** Exercise objective **
In the material below, the line holding "studentenjobsuche.at" and every line after it should be reproduced exactly, please, with pictures omitted.

** Recorded information **
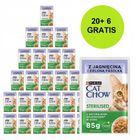 Purina, Cat Chow Sterilised, karma mokra dla kota, jagnięcina, fasola, 26-85g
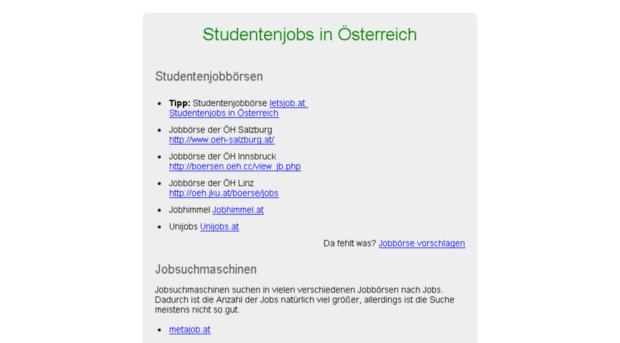 studentenjobsuche.at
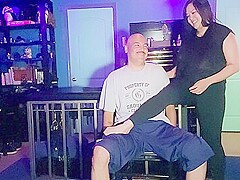 Goddess Mara Rubbing Her Yoga Pants All Over Her New Fan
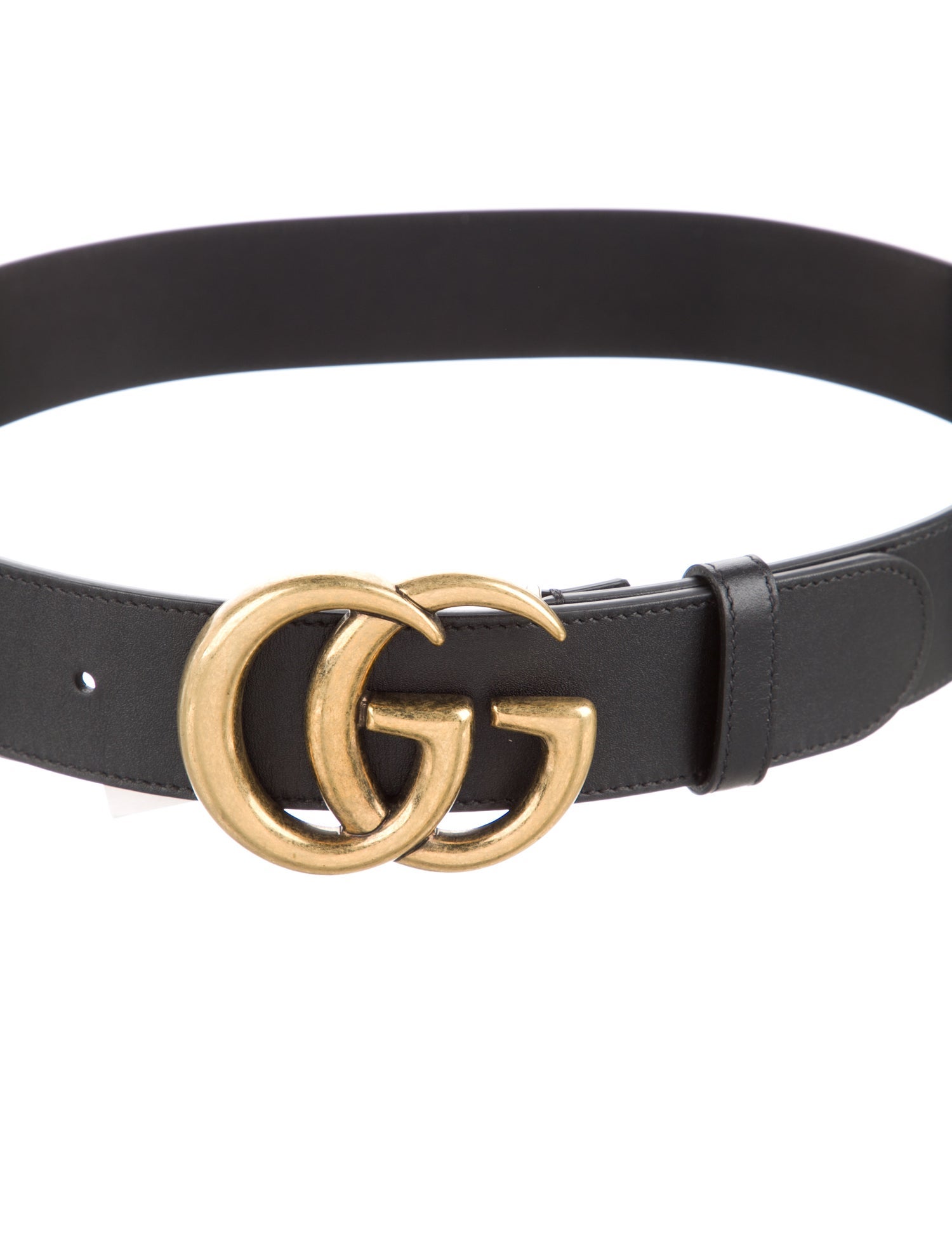 Gucci Double G Logo Calf Leather Belt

** Result of the task **
 studentenjobsuche.at
 Goddess Mara Rubbing Her Yoga Pants All Over Her New Fan
 Gucci Double G Logo Calf Leather Belt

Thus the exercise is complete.